Another way to stain: stroll down the makeup aisle at Wal-Mart to the hair color section and pick out a color you like.


----------



## Anvil Head (Mar 31, 2016)

****Another way to stain: stroll down the makeup aisle at Wal-Mart to the hair color section and pick out a color you like. ****
This works well on certain species of wood, but only if you get all the original finish/sealer/stain stripped off. Otherwise you will get splotches. Also always test the wood/stain in an inconspicuous spot like inside the forearm to make sure it will do what you want before doing it where it will show.
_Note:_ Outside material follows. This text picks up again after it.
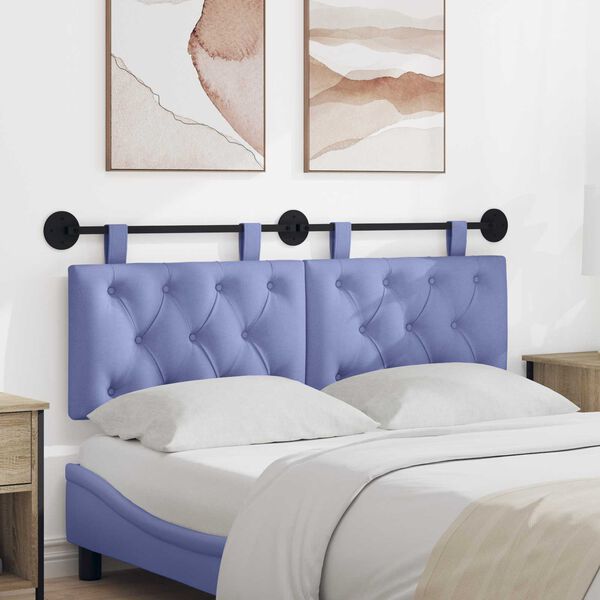 vidaXL Hengisk&aacute;li Vegghengt Jeansbl&aacute;r 130 x 55 x 7 cm d&uacute;kur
Then make sure you seal and finish before you take it to the woods or range, or you might wind up having interesting discussions in you Sunday School Class.


----------



## rosewood (Mar 31, 2016)

I have several other stocks I have refinished in the past but used a standard stain color.  Shoot I refinished my first ever firearm purchase when I bought the British .303 at Roses when I turned 18.  I am quite familiar with the wiles of refinishing wood, just looking for a different color this time.

Keep the ideas coming.  Thanks.


----------



## rosewood (Mar 31, 2016)

TrailBlazinMan said:


> Pretty sure Lowe's or Home Depot will carry an ebony wood stain. This will make the wood color very dark, almost black. The color will depend on what color the stock is now (under the current stain and finish) and how thick you apply the stain.
> 
> Another way to stain: stroll down the makeup aisle at Wal-Mart to the hair color section and pick out a color you like.



I am hoping someone has used the ebony stain and can show me pictures of it on a stock.


----------



## fireman32 (Apr 5, 2016)

I've used ebony stain on a standard 2x4, it is black.


----------



## Bottomtime (Apr 6, 2016)

Not a great picture of the rifle and taken at night, but this 7600 was stripped, rubbed down with ebony stain then topped with 3 coats of Formby's Tung Oil Finish. It is very dark brown, but not black.


----------



## rosewood (Apr 6, 2016)

Not too bad.  I think I might like that.


----------



## NCHillbilly (Apr 6, 2016)

I like Fiebing's leather dye for finishing wood, comes in a multitude of colors.


----------



## Bottomtime (Apr 7, 2016)

Here's another pic of the stock in daylight.


----------



## cloudwarmer (Oct 11, 2016)

I built a muzzle loader some years back and water sanded the stock. It raised the grain somewhat. When stained it gave a variegated appearance. Not dramatically, but just right. Certainly it won't be like a laminated multi-colored stock like a Boyd stock turns out.

I don't see why you can't lighten ebony if you want it a little lighter. I've used ebony on a few woods, but not a stock. 

Enjoy the process. Hope you enjoy the results.


----------